In tema di notificazioni di atti processuali, qualora la notificazione dell’atto non si concluda positivamente per circostanze non imputabili al richiedente, questi ha la facoltà e l’onere di richiedere all’ufficiale giudiziario la ripresa del procedimento notificatorio e, ai fini del rispetto del termine, la conseguente notificazione avrà effetto dalla data iniziale di attivazione del procedimento, semprechè la ripresa del medesimo sia intervenuta entro un termine ragionevolmente contenuto, tenuti presenti i tempi necessari secondo la comune diligenza per conoscere l’esito negativo della notificazione e per assumere le informazioni ulteriori conseguentemente necessarie.

Successivamente il notificante, appreso dell’esito negativo, per conservare gli effetti collegati alla richiesta originaria deve riattivare il processo notificatorio con immediatezza e svolgere con tempestività gli atti necessari al suo completamento notificante.

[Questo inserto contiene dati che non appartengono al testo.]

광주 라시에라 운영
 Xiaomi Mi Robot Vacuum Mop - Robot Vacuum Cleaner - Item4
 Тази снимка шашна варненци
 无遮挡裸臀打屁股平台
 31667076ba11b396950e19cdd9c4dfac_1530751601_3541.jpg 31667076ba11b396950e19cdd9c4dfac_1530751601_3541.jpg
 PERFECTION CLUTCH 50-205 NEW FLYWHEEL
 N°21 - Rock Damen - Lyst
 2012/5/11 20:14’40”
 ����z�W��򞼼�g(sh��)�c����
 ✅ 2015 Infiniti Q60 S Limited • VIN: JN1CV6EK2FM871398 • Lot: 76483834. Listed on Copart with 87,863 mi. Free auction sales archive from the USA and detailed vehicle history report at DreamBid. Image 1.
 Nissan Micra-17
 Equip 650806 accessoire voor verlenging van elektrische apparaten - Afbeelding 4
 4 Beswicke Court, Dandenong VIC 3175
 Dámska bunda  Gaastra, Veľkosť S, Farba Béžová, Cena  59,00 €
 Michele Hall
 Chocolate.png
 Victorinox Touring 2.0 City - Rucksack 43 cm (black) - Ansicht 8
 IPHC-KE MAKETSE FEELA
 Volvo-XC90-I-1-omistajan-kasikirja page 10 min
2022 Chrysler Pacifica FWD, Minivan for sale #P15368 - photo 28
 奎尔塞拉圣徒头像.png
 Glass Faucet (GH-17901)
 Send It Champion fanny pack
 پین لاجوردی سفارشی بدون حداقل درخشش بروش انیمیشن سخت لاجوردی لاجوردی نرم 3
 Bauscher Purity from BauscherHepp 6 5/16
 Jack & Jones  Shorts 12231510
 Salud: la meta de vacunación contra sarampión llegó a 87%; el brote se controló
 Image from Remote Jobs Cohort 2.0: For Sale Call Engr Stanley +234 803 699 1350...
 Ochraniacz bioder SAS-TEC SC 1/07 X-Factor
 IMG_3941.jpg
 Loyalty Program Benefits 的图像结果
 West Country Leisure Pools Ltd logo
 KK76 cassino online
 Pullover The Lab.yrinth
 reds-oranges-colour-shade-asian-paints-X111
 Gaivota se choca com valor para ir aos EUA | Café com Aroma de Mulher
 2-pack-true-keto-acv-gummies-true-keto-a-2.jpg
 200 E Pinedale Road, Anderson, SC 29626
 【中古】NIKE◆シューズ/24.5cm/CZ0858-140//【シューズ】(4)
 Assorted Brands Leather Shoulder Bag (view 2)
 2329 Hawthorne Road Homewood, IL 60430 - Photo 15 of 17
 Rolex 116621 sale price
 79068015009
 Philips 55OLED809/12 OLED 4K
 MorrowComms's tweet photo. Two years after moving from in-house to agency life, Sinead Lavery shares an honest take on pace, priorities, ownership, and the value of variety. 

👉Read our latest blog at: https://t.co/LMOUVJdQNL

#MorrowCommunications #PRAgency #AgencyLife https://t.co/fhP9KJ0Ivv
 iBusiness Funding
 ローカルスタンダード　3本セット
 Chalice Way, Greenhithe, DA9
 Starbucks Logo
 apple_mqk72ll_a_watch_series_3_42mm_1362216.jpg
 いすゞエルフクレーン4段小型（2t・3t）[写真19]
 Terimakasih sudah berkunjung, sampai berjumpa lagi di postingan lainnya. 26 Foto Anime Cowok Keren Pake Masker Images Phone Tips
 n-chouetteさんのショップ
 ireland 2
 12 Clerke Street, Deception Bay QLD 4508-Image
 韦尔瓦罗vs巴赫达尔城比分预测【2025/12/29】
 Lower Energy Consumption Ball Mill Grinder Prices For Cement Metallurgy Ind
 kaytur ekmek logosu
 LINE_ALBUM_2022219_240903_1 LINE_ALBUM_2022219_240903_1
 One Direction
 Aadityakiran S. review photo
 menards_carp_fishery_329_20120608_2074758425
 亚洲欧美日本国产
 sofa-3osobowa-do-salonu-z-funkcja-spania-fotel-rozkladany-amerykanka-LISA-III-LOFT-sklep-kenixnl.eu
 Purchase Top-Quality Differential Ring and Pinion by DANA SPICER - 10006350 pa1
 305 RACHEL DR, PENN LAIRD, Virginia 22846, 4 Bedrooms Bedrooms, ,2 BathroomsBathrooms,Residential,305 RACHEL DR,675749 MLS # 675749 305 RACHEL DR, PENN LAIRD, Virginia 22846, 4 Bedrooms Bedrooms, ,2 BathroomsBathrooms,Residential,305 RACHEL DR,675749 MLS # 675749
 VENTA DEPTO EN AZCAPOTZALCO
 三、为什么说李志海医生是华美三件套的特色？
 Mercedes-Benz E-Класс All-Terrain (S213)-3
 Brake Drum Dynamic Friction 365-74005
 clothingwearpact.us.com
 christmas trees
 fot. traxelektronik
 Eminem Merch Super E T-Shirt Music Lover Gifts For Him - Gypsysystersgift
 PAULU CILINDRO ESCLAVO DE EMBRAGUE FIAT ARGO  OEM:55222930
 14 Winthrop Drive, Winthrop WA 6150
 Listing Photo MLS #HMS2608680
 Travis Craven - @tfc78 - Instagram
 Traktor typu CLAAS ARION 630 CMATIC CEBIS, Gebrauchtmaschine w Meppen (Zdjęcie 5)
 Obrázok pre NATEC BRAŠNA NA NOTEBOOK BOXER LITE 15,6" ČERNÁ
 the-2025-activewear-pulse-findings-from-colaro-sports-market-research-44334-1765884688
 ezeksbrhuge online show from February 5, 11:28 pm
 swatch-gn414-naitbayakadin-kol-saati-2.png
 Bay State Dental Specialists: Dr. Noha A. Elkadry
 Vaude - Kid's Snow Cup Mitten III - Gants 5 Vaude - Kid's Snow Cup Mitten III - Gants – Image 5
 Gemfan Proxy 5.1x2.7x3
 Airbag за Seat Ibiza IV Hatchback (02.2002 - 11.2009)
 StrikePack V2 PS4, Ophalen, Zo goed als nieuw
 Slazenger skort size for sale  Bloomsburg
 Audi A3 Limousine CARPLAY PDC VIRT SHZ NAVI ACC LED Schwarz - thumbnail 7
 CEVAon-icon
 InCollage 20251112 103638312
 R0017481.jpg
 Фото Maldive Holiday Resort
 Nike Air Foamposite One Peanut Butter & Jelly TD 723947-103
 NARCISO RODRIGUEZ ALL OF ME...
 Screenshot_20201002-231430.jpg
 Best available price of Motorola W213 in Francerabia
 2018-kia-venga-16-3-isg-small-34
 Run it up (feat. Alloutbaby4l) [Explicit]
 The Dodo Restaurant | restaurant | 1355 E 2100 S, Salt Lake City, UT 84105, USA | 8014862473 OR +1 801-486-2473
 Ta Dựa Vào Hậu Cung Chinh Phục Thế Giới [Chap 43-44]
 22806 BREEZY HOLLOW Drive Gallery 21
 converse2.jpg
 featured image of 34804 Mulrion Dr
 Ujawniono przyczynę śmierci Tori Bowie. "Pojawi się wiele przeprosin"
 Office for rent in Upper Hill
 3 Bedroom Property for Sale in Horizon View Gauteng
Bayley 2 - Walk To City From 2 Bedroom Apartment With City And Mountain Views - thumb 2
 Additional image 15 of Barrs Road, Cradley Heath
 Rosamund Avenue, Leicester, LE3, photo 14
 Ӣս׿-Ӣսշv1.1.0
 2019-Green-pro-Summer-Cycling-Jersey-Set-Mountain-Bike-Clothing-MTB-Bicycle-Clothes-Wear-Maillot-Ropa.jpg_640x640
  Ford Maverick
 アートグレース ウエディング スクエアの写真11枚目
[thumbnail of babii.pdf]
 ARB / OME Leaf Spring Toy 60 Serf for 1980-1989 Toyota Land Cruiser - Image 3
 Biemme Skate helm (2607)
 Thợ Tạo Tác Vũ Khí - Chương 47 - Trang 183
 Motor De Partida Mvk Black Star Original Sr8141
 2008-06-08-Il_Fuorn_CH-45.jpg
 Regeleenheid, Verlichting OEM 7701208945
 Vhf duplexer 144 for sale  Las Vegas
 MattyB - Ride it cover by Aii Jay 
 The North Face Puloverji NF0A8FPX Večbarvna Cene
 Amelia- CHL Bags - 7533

La sanzione per la notificazione tentata presso il domicilio non più attuale non è produttiva di alcun effetto in grado di sanare l’inosservanza del termine di impugnazione e di essa va perciò conseguentemente rilevata l’inammissibilità poichè non si determina un’ipotesi di nullità della notificazione, bensì un’ipotesi di inesistenza della notificazione, posto infatti che quando il procedimento non si è concluso mediante consegna di copia conforme all’originale dell’atto da notificare, la notificazione è da ritenersi non compiuta, ma solo tentata, e ci si viene a trovare di fronte ad un atto non già nullo ma del tutto inesistente.

E’ quanto stabilito dalla Cassazione con l’Ordinanza n. 549 del 11 gennaio 2018.